Allan Menengoti – “E nesse contexto qual que é a relevância que você enxerga num instituto como o nosso, o I.AM Democracia, para o aprimoramento da democracia, com o intuito de debater essa democracia com pessoas relevantes da sociedade e que fazem diferença?”

Priscila Cruz –  Eu acho que é mais uma peça, uma peça muito importante, que eu vejo que cada vez mais a gente tem que ter outras iniciativas dessa pelo país para a gente, o tempo inteiro, como sociedade, sermos atores influentes, relevantes, nessa construção. Conhecimento, trazer novas perspectivas, levar debate para a população. Elevar a qualidade do debate público no país é uma estratégia fundamental. Eu acho que vocês estão fazendo um trabalho muito importante para o país. O que não dá é a gente ficar nesse mar de desinformação, de fake news, de anticiência, da gente não levar em conta aquilo que é dado, aquilo que é informação concreta e real.  A gente precisa realmente levar isso para a população. Existe essa onda de fake news, existe uma onda de destruição das bases da democracia que a gente precisa combater. Eu tenho certeza que a população brasileira não quer viver num país antidemocrático, tenho certeza. Mas muitas vezes essa população, por não conseguir diferenciar aquilo que é o real da opinião, daquilo que é fake news daquilo que é fato, acaba sendo levada por uma onda que pode fazer com que o Brasil se enfraqueça nessa área da democracia. E isso vai ter repercussões na educação. Então, não é só a educação que fortalece a democracia, a democracia fortalece a educação. É nesse país democrático em que você pode cobrar do gestor público ações efetivas para educação, sem medo de represálias, é esse o país que a gente tem que viver. Então, acho que iniciativas como o I.AM Democracia e tantas outras, precisam se juntar. A gente precisa se fortalecer, a gente tem que criar agendas conjuntas, porque no fundo, no fundo, não são áreas separadas. Não tem aqui o Todos Pela Educação cuidando de educação e vocês cuidando de democracia, estamos todos juntos.
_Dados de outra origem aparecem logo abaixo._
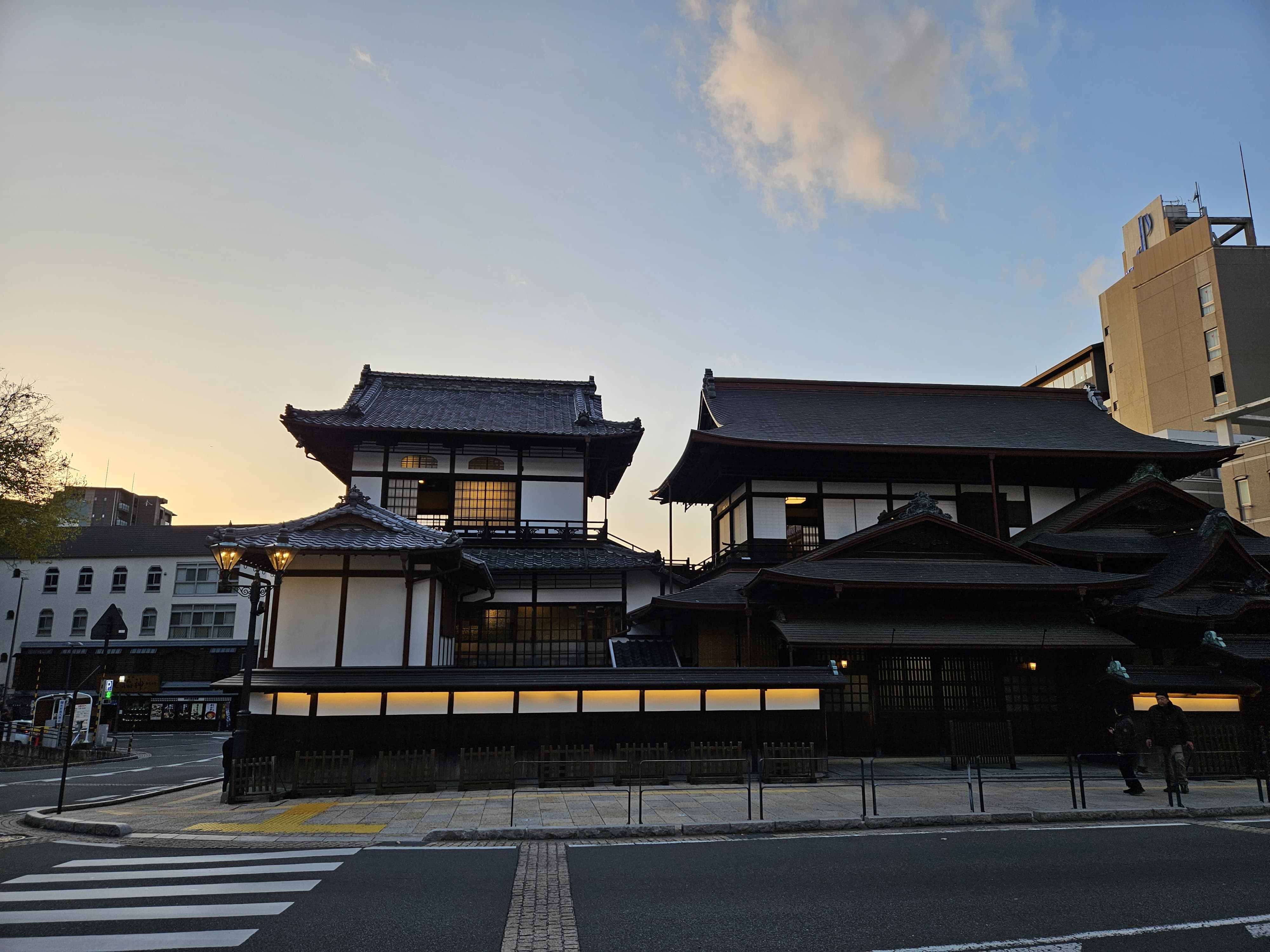 석양 무렵 마쓰야마 성과 주변 도시 전경이 어우러진 풍경 사진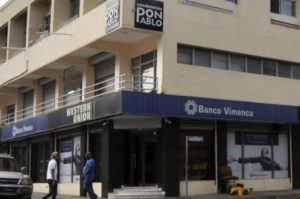 Asaltan Banco Vimenca en Santiago y cargan con más de 11 millones de pesos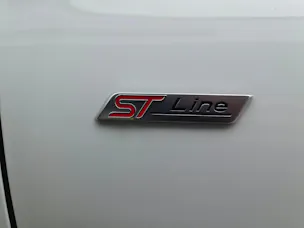 FORD Kuga 2.5 Hybrid ST-Line X 4x4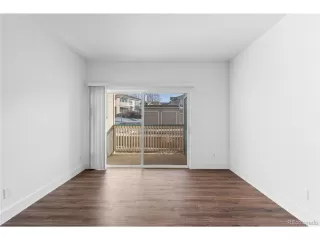 Photo #3: 2389931 Listing 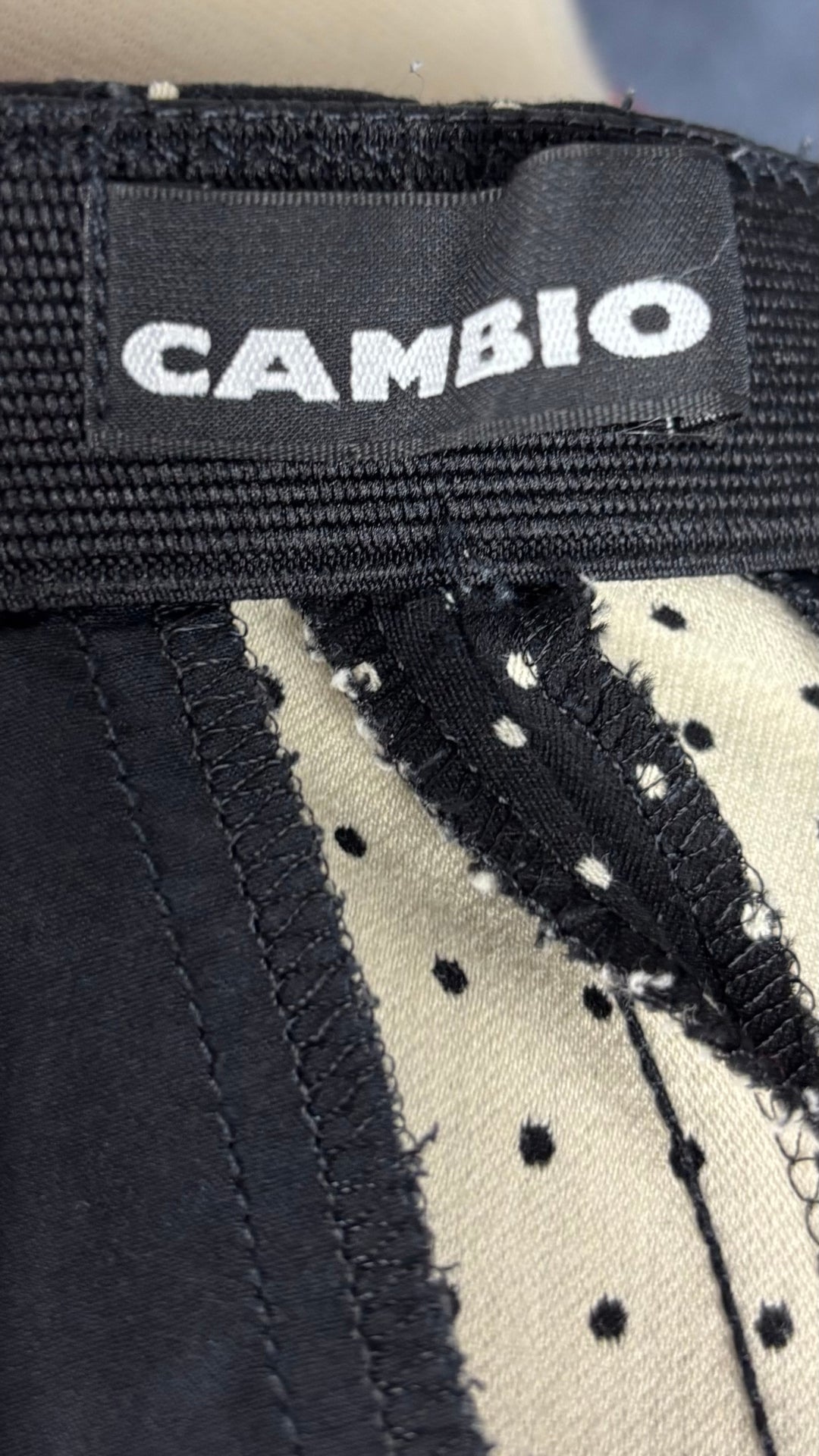 Pantalon ajusté extensible à pois Cambio, taille estimée à small. Vue de l'étiquette.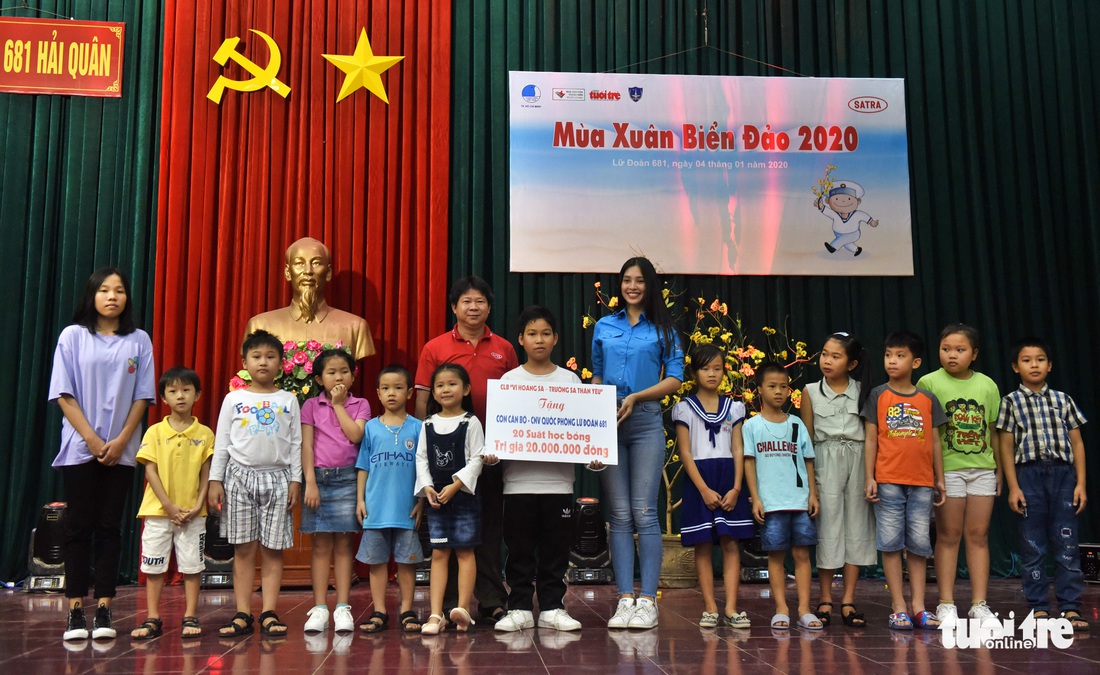 Mùa xuân biển đảo lần 9: Bên vịnh Phan Thiết, bâng khuâng nhớ Trường Sa - Ảnh 17.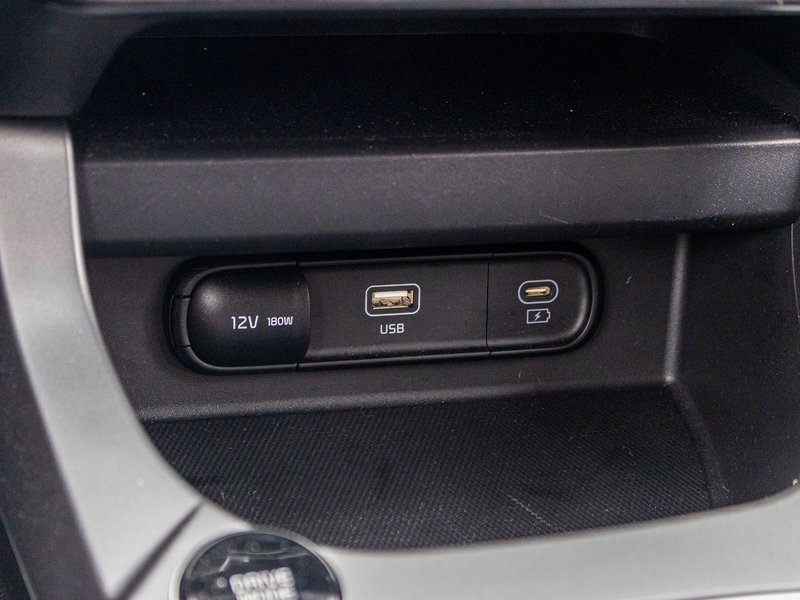 Kia Seltos LX AWD BLANC BAS KILO 2024 1 PROPRIO PAS DE RECLAMATION AU CARFAX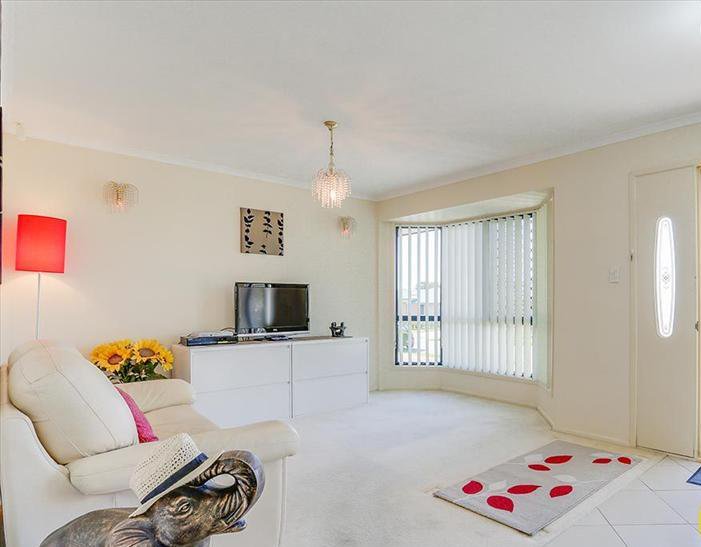 Photo - 26 Aberfoyle Drive, Deception Bay QLD 4508 - Image 2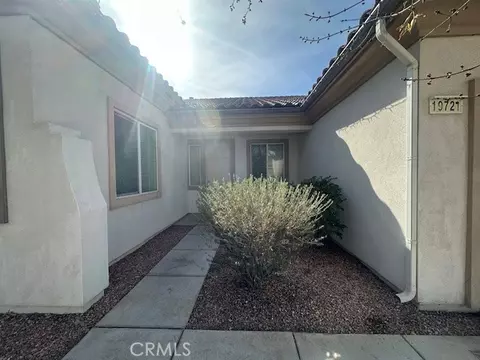 Exterior - 19721 Chicory Ct, Apple Valley, CA 92308 photo 3 of 11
Allan Menengoti – Com uma mesma bandeira.

Priscila Cruz – É. A bandeira é, no final das contas, melhorar Brasil. O que a gente quer é um pais maior, melhor e mais justo. É o que todo mundo quer, é o que você quer, é o que eu quero, é o que quem cuida da saúde quer, quem está na área de segurança pública quer. Mas a gente precisa costurar esse tecido de várias iniciativas da sociedade e fortalecer, adensar a sociedade brasileira, porque é dessa sociedade que vai sair governos democráticos. Uma sociedade antidemocrática gera governos antidemocráticos. Então a gente precisa fortalecer a democracia na sociedade.